Джим хлопнул по ладони Бугаева своей ладонью.
– Значит, по рукам. Точка, – закончил Игнат по-русски.
2. Живая карта
Джим с интересом наблюдал маленькую кабину дирижабля. Джолли еще никогда не приходилось летать на дирижаблях. Внизу – койка Бугаева, над ней – подвесная койка Джима с высокой сеткой, как в детских кроватках. Стены обтянуты голубым дерматином с тиснеными цветами. Наружная стенка скошена к полу, в стене – низкое, но широкое окно. Занавески. У окна – небольшой столик, застланный белой скатертью, перед столом – два табурета из дюралевых труб. Ничего лишнего. Светло, тепло, пожалуй, даже жарко. Но не душно. На столике работает маленький пропеллер-освежитель.
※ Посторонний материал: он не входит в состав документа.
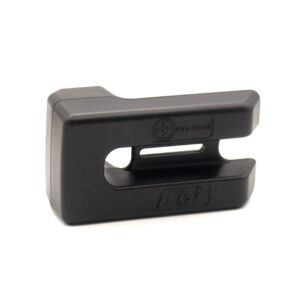 EKS290 - PARTE ESTERNA SPOILER POSTERIORE C3 NERO DX/SX (1 PZ)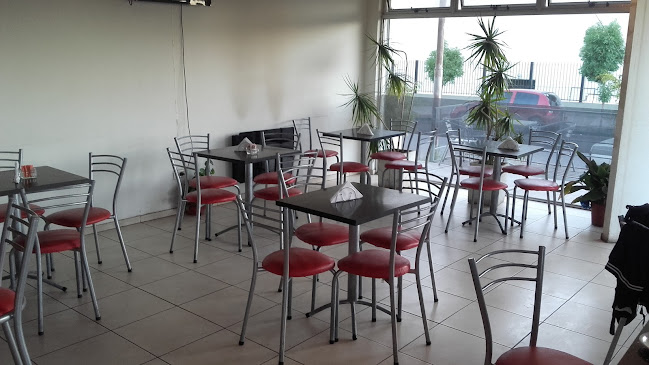 Opinii despre Cafeto în Maipú - Gastronomía y hostelería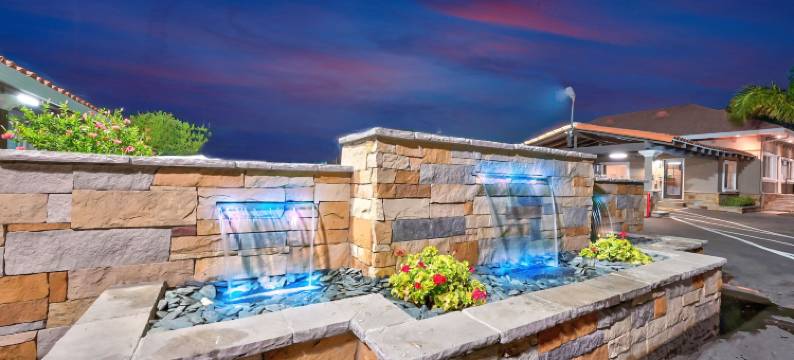 旅行者酒店(Traveler's Inn Williams, CA Modern Renovated Hotel)图片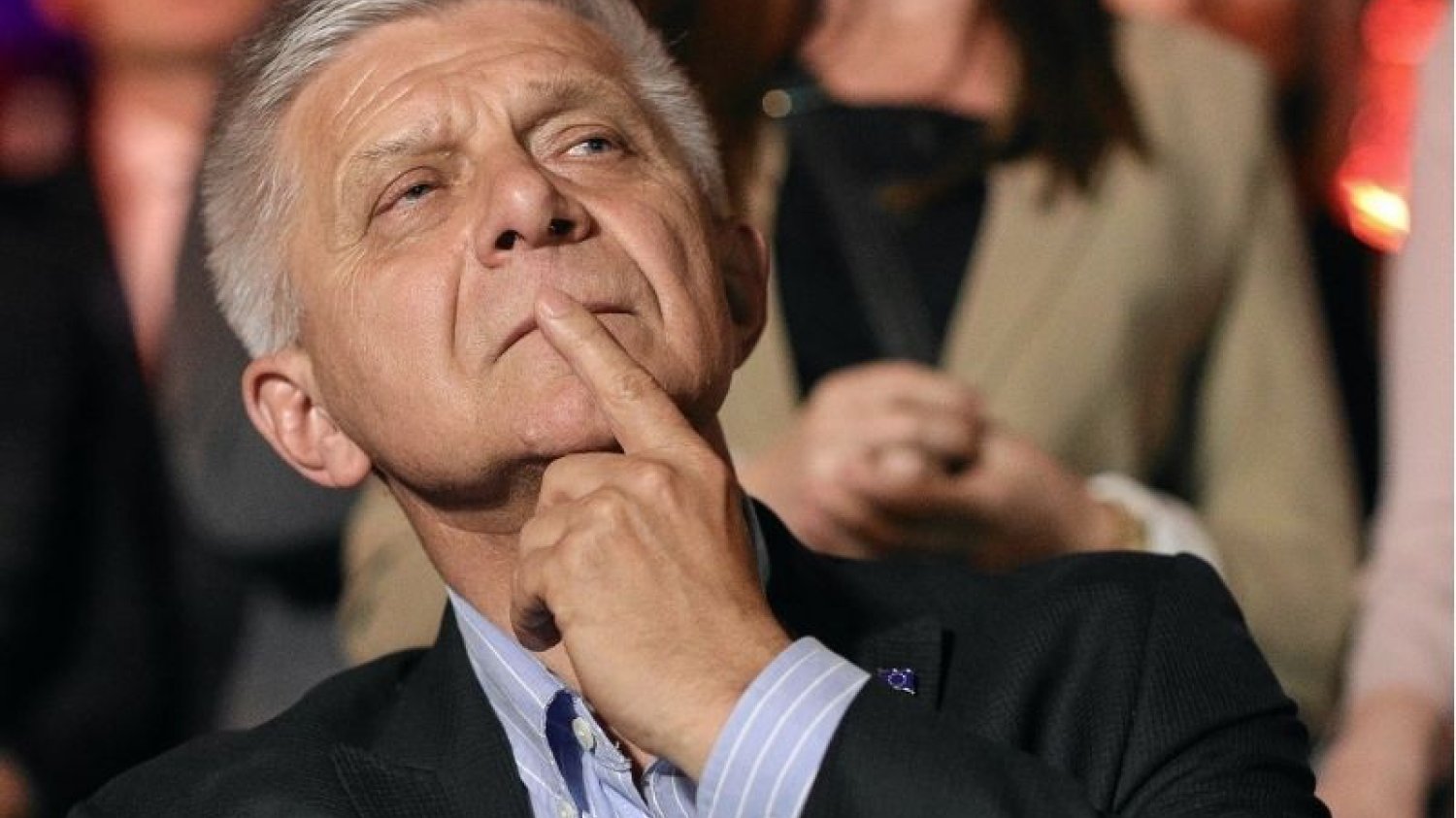 Marek Belka radzi, co zrobić z pieniędzmi po likwidacji OFE: przenieść je do ZUS czy na IKE?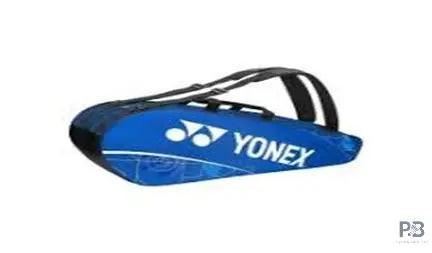 Yonex Kit Bag 324-1629 (Blue) – Elite Tournament Edition Badminton Kit Bag | ProBadminton.in.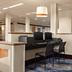 Business centre
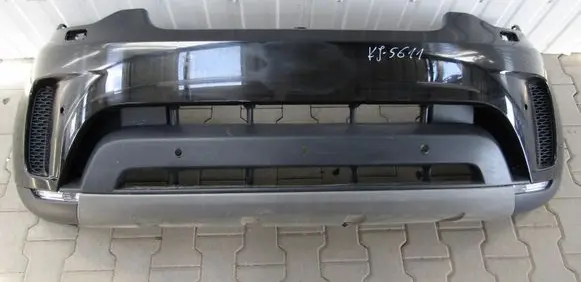 Land Rover Discovery 5 Front bumper WY42-17F003-AAW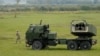 HIMARS համակարգը, արխիվ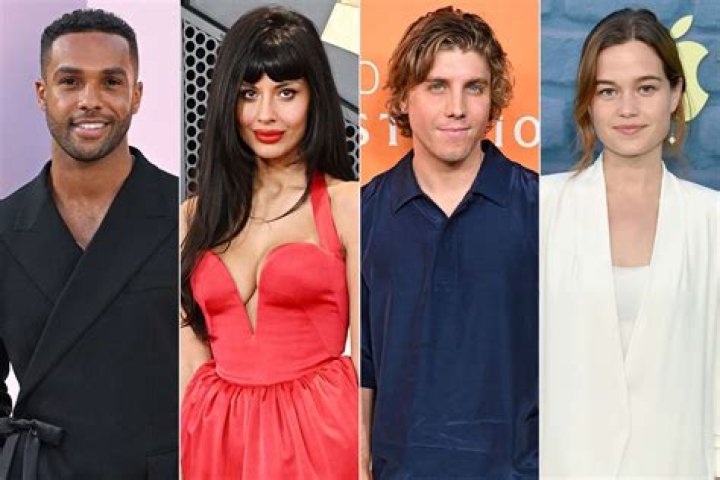 Who Is Adnandus Dyzantae? Meet Jameela Jamil Brother, Parents And Net Worth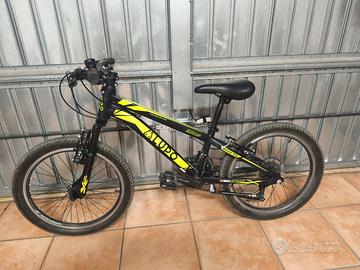 bici bambino/a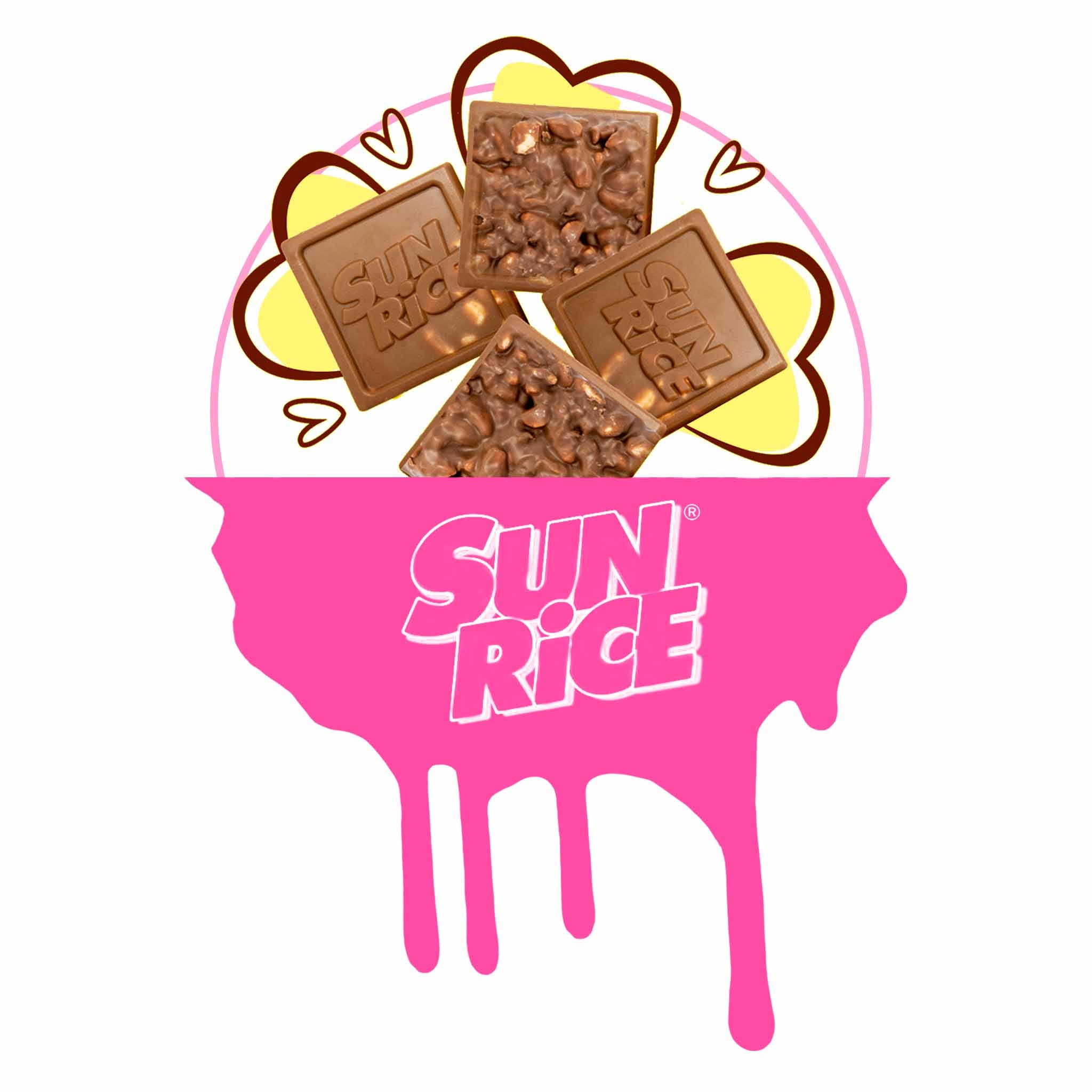 Sun Rice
В углу жужжит вентилятор. Как в жаркий день на поле шмели и пчелы. И на фоне этого жужжания приятная музыка – вальс из оперы «Евгений Онегин». Радио… Клонит ко сну. Джим закрывает глаза и видит то густо-синие просторы Мексиканского залива, то гурьевские траулеры… а впереди его ожидает неведомая страна льдов и метелей, которых он не видал никогда в жизни…
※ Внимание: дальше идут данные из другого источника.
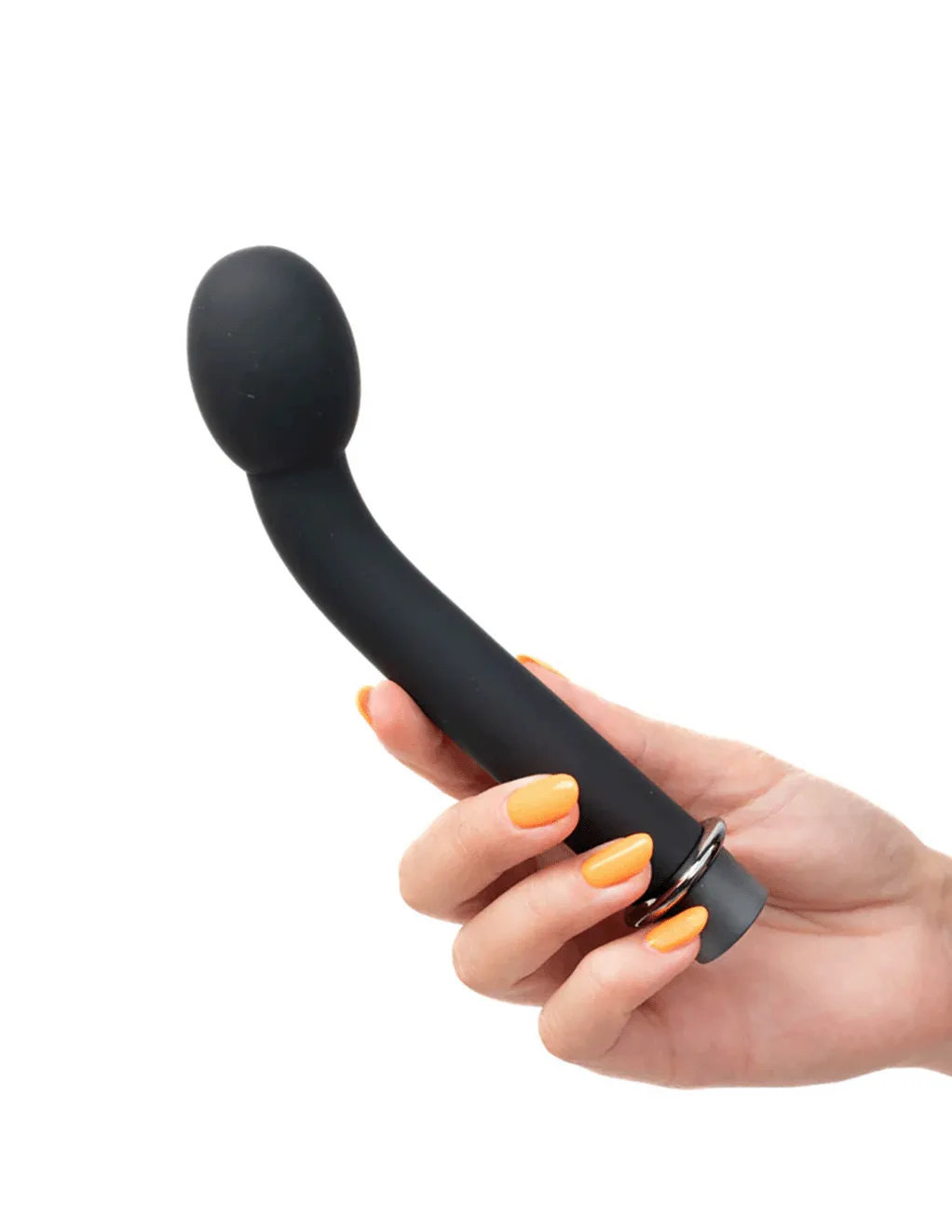 Maia Preston Vibrating Prostate Massager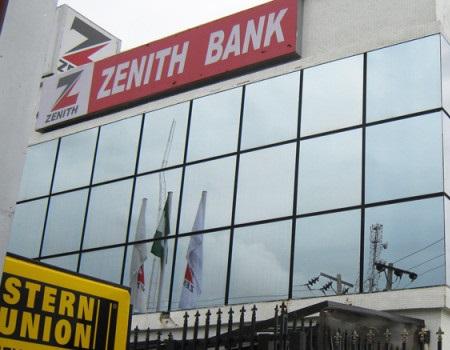 Zenith Bank achieves remarkable growth Zenith bank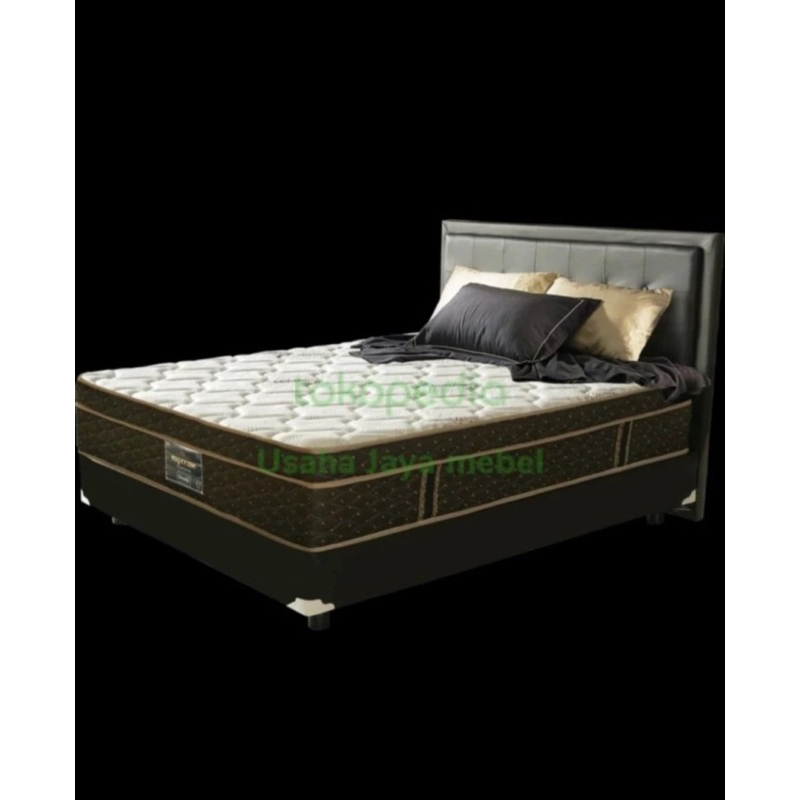 springbed elite serenity supreme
Джим встряхнул головой и посмотрел в окно. Степь. Тень дирижабля бежит по земле. Уходит вдаль бесконечная вереница опор высоковольтной передачи. На горизонте блестит озеро, синеют леса. Дирижабль уже несколько дней летит низко над землей. Сколько сменилось картин за эти часы полета! Поля, безводные степи, леса, пустыни и снова леса. Чем дальше на север, тем их становится больше. И всюду – в степях, пустынях, даже в лесах среди длинных широких просек – хлопотливые тракторы, грузовики, краны, деррики, вагонетки, паровозы… Целые полки и батальоны рабочих… День за днем, шаг за шагом люди отвоевывают пустынные пространства, проводят каналы, строят дороги, прорубают просеки в лесах… Какое упорство! Какое напряжение! Впереди – первобытная природа, глушь, леса; позади – дороги, поселки, заводы, города. В пустынях Средней Азии Джим видел множество солнечных и ветросиловых установок. Знойное, иссушающее солнце стало давать воду, вода рождает зелень лугов, сады, рощи, тени, прохладу. Не будет ничего удивительного и в том, если из холода они станут добывать тепло.
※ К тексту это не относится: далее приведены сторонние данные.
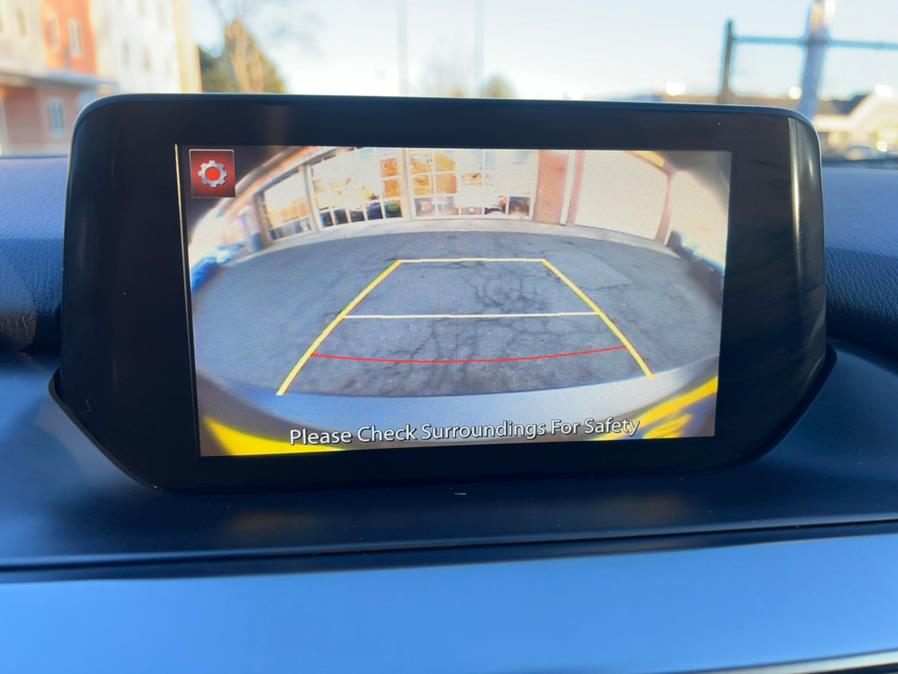 2016 Mazda Mazda6 4dr Sdn Auto i Grand Touring photo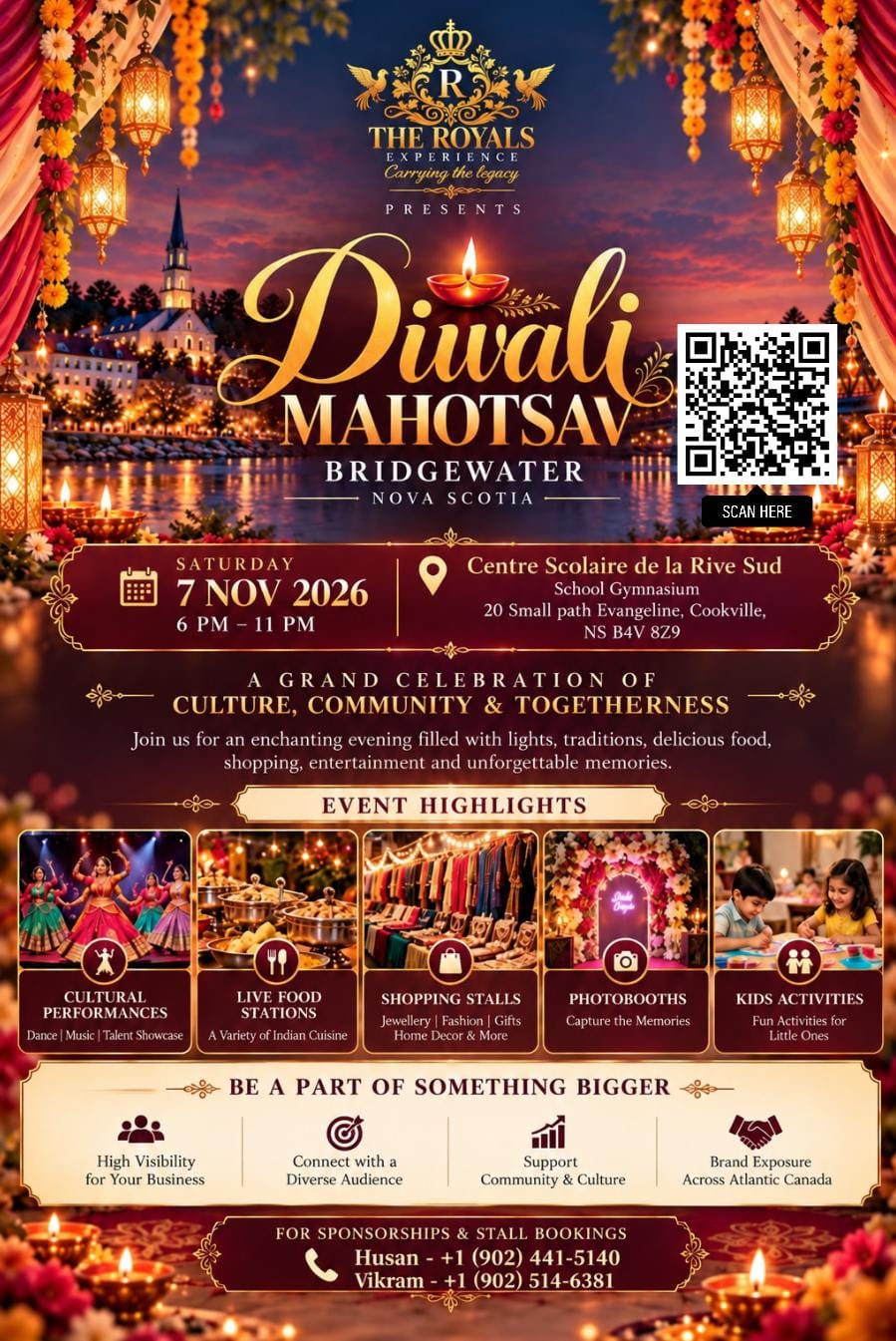 Diwali Mahotsav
А дальше, на север, – леса. Сплошные сибирские леса. С ними, пожалуй, борьба труднее, чем с пустынями. Когда летишь над этими лесами, кажется, весь земной шар покрыт ими. Им нет ни начала, ни конца. Миллиарды деревьев заняли необозримые пространства и стоят на страже своих владений.
В небе летит аэроплан, за ним пять планеров на буксире. «Воздушный поезд». Вот один планер отцепился и снижается на лесную поляну. Он несет лесорубам почту, продовольствие… Уже много таких воздушных поездов видел Джим.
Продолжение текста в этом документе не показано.